Jeder vierte Bewerber scheitert in der Vorprüfung

Die Berliner Hochschulen verteidigen die Servicestelle gegen Kritik. Den Leiter der Abteilung Studierendenservice an der TU, Horst Henrici, erreichen zwar pro Semester rund ein Dutzend Beschwerden. Bewerber fürchten, ihre Unterlagen seien bei Uni-assist verloren gegangen oder das Ergebnis der Vorprüfung komme nicht rechtzeitig. Die Probleme würden aber stets „individuell, schnell und verlässlich“ gelöst, beteuert Henrici. Und nach jeder Bewerbungsphase gebe es strukturiertes Feedback an Uni-assist, an welchen Stellen nachgebessert werden müsse.

Henrici glaubt nicht, dass der TU internationale Bewerber verloren gehen, weil sie das Uni-assist-Verfahren abschreckt. Die jungen Leute seien vielmehr sehr hartnäckig und durchsetzungsfähig. FU-Sprecher Goran Krstin erklärt auf Anfrage lapidar, „die Kooperation der Freien Universität Berlin mit Uni-assist ist ohne Beanstandungen“.
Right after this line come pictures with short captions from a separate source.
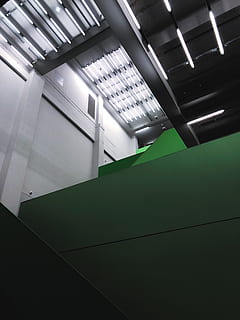 bílá budova interiér, architektura, budova, okno, schodiště, švýcarsko, střešní okno, pfingstweidstrasse 96, zurich, světlo, interiér, schody, univerzita, zhdk, areál, toni, zelená, škola, švýcarský, iphone x, uvnitř, stavba, nízký úhel pohledu, zelená barva, nikdo, svítí, nástěnný prvek, strop, osvětlovací zařízení, den, schodiště a schodiště, velká skupina objektů, vzor, zábradlí, kov, přímo pod, 4K, CC0, veřejná doména, bez autorských práv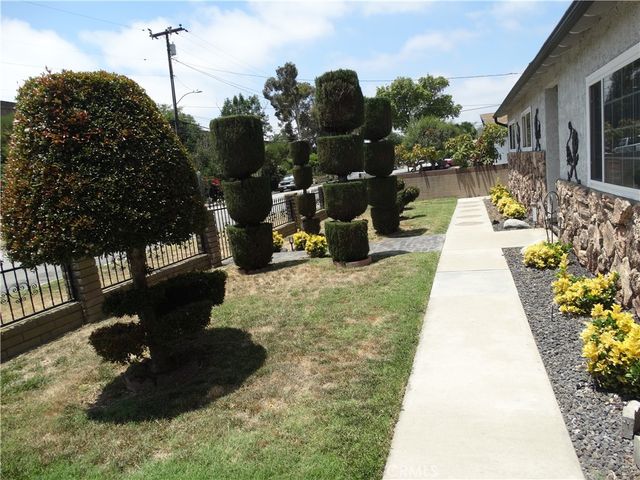 10461 Beach, Bellflower, CA 90706
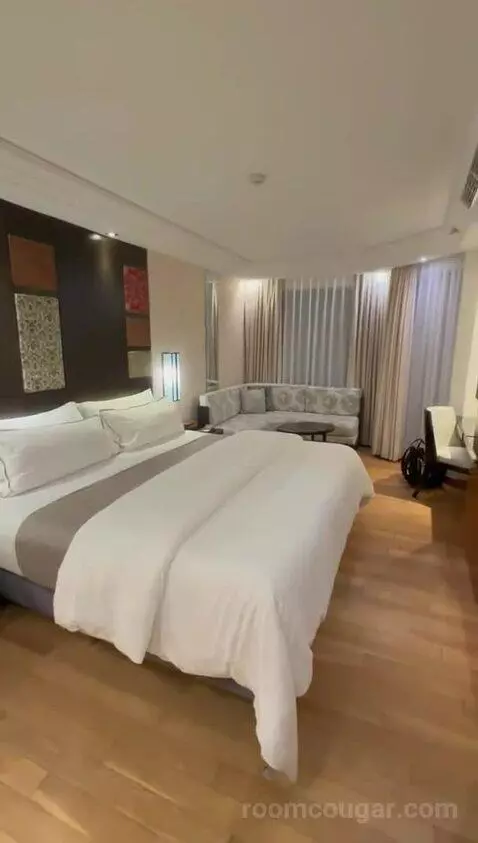 Deluxe Guest Room, 1 King, Garden View, Balcony (#3109) bed picture #6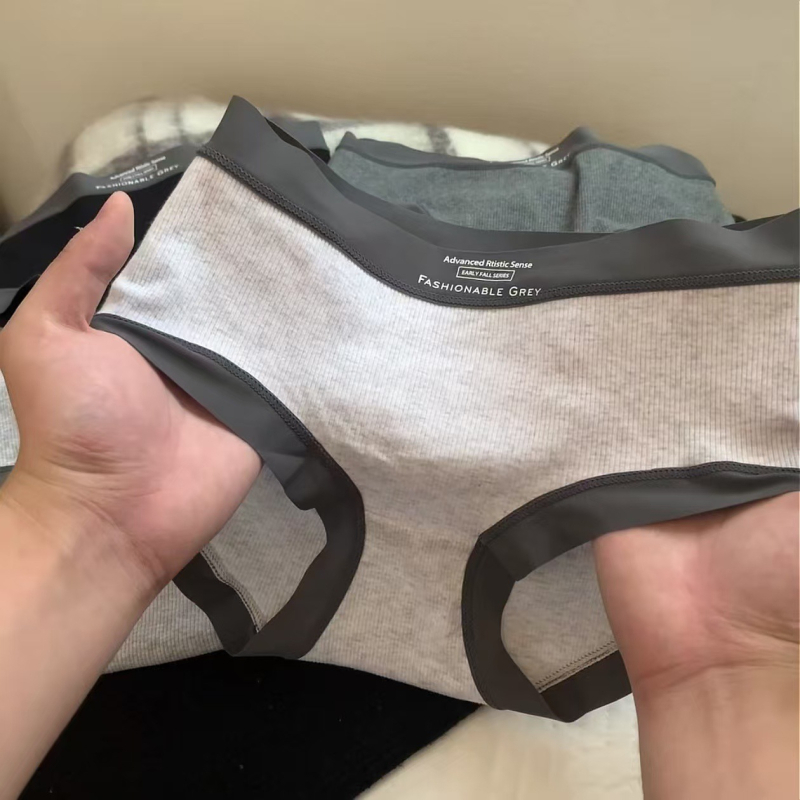 Chiloți pentru femei din bumbac pur, stil casual japonez retro — talie medie, respirabil, 90–95% bumbac, căptușeală din bumbac în zona inghinală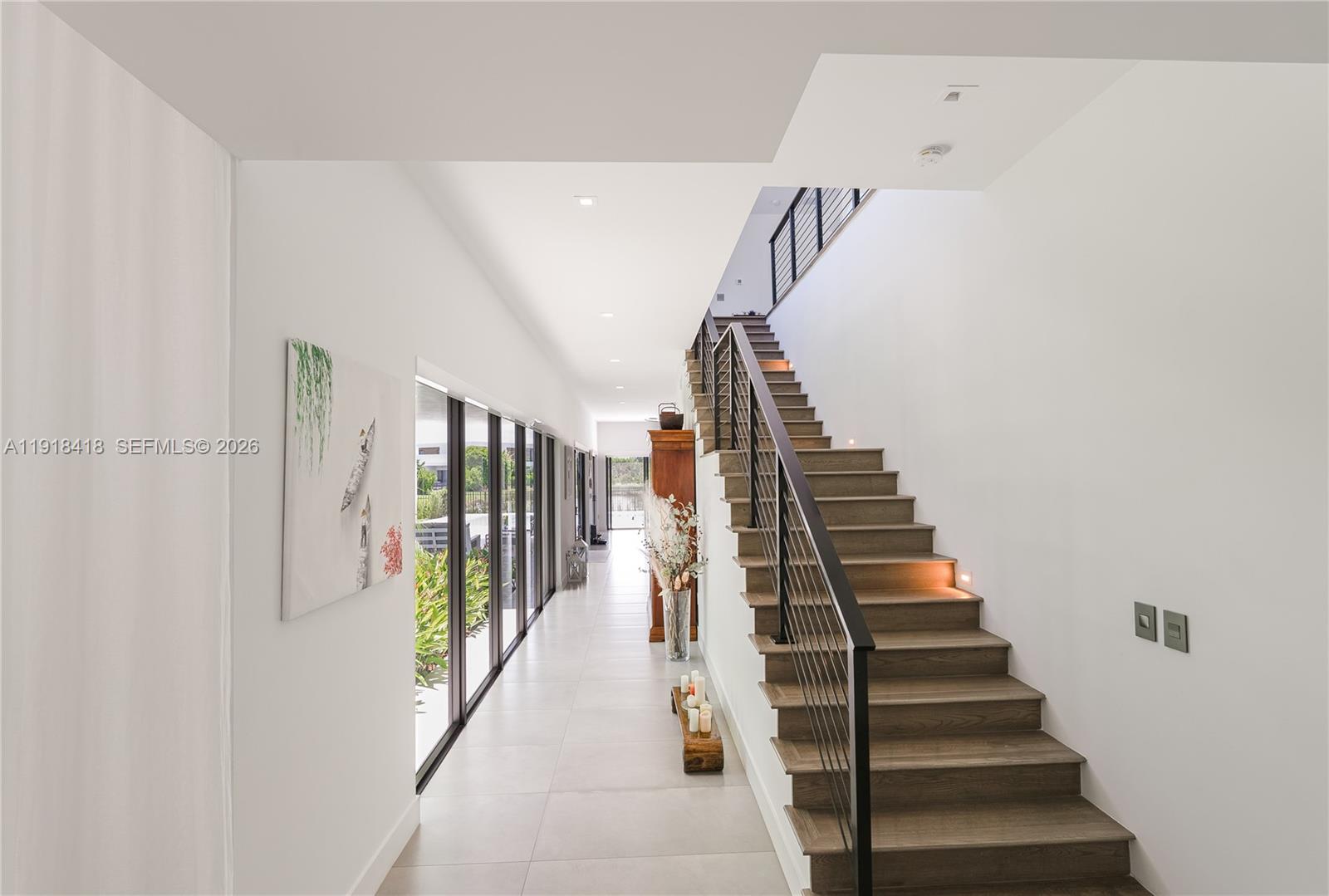 A11918418 Property Photo 8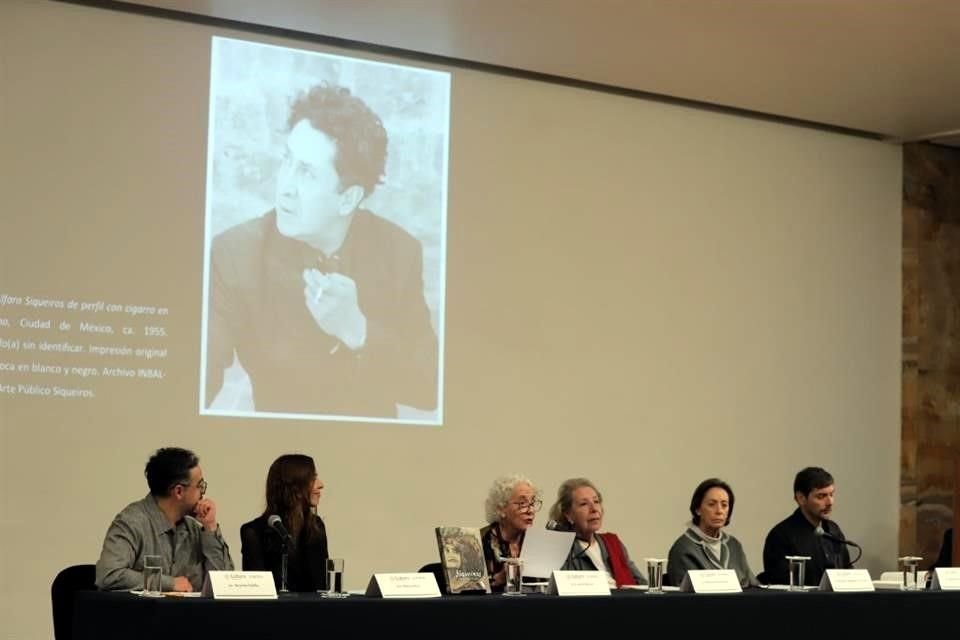 Eduardo Cedillo, Mónica Ruiz, Irene Herner, Mariana Pérez Amor, Alejandra Reygadas de Yturbe y Daniel Garza durante la presentación del libro 'Siqueiros documentado. Testimonio de un proceso creativo'.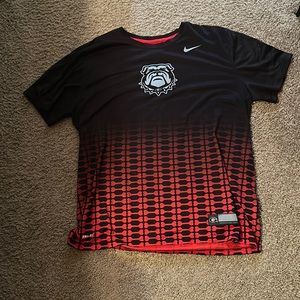 XL uga authentic Nike apparel with dawg bone pattern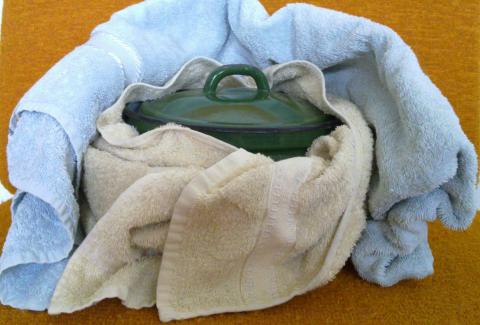 Kochtopf mit Handtüchern als Alternative zu einem Kochsack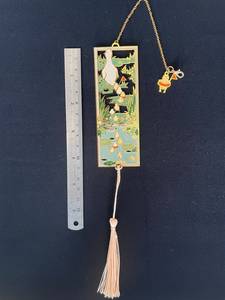 Marcapáginas de metal con forma elegante, perfecto para lectores que adoran accesorios elegantes e inspirados en la naturaleza. - Product Image 5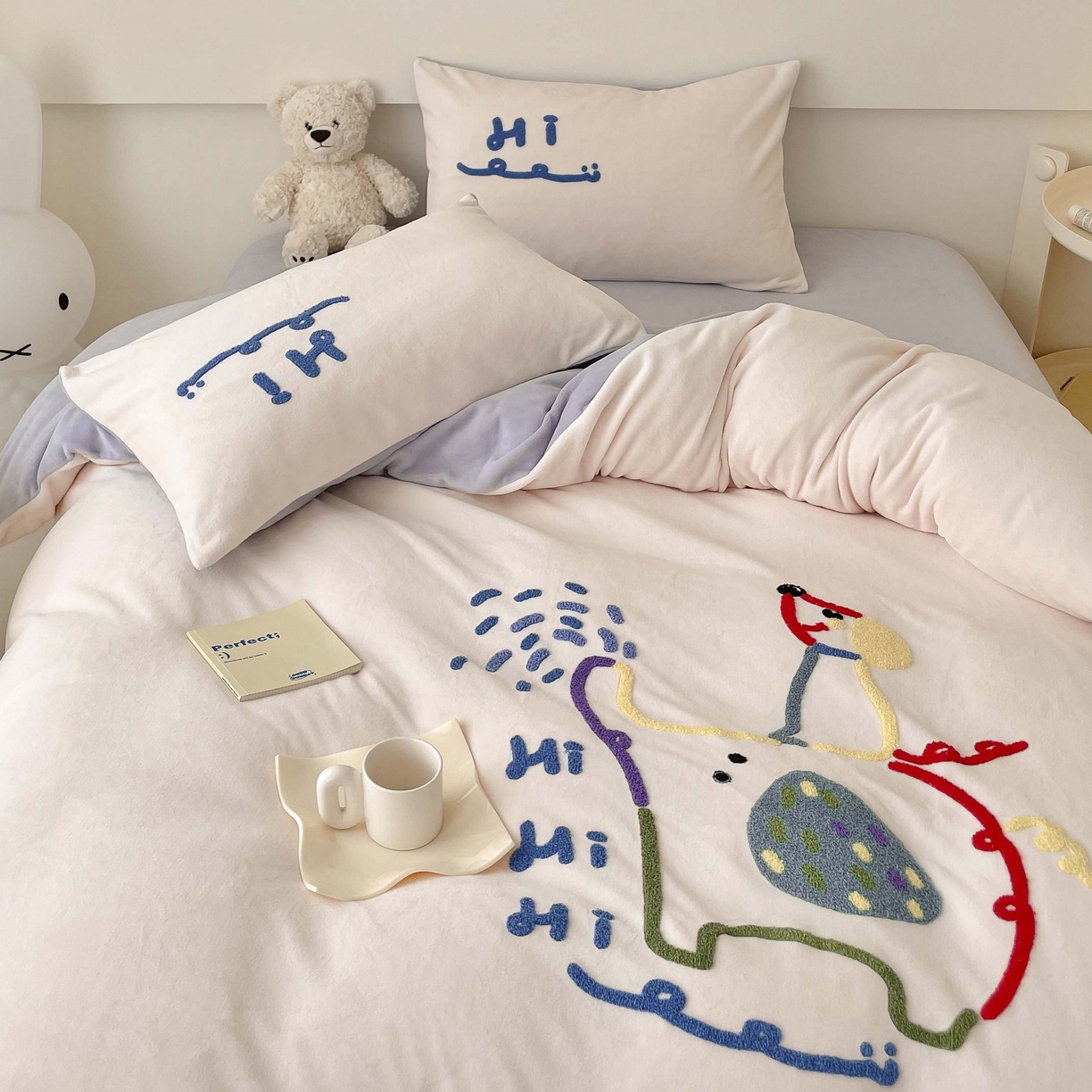 91家纺网 家纺一手货源 找家纺 玛奇朵 2023新款秋冬牛奶绒多巴胺彩色线条毛巾绣四件套 Hi 小象-粉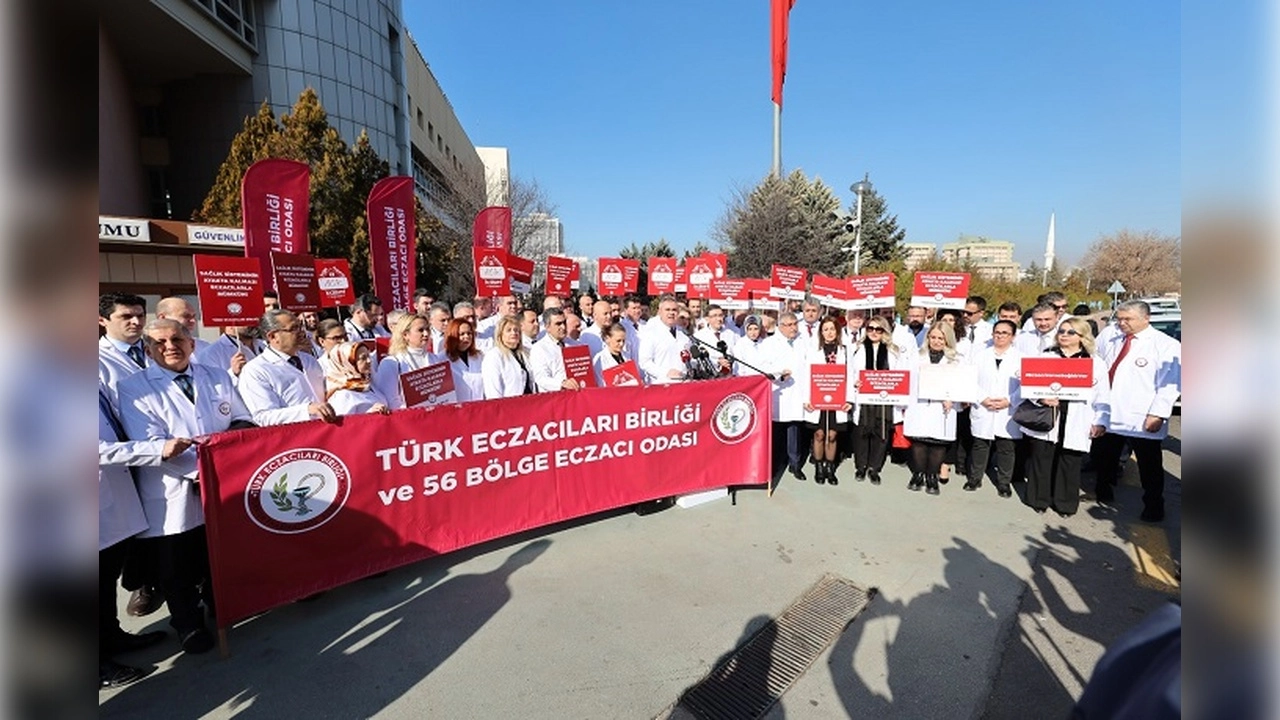 Türk Eczacıları Birliği: Bugün sessiz kalırsak, eczanelerimiz birer birer kapanacak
Doch tatsächlich scheitert fast jeder vierte Bewerber in der Vorprüfung durch Uni-assist. 2012 seien es 23 Prozent der 48 000 Studienbewerber gewesen, erklärt der Verein. Häufigster Ablehnungsgrund seien unvollständige Unterlagen. Der „Referent_innen-Rat“ der HU schätzt dagegen, dass jeder Zweite in der Vorprüfung ausscheidet. Die Zahlen beziehen sich allerdings nicht ausschließlich auf internationale Studierende, denn mittlerweile bearbeitet Uni-assist für manche Unis auch die Master-Bewerbungen von Deutschen.

Mahsas Bewerbung wurde schließlich von der Freien Universität abgelehnt. Ihr Englisch-Grundstudium sei für den Masterstudiengang „English Studies“ nicht ausreichend. Mahsa will sich im nächsten Jahr wieder bewerben, wahrscheinlich für einen Bachelor.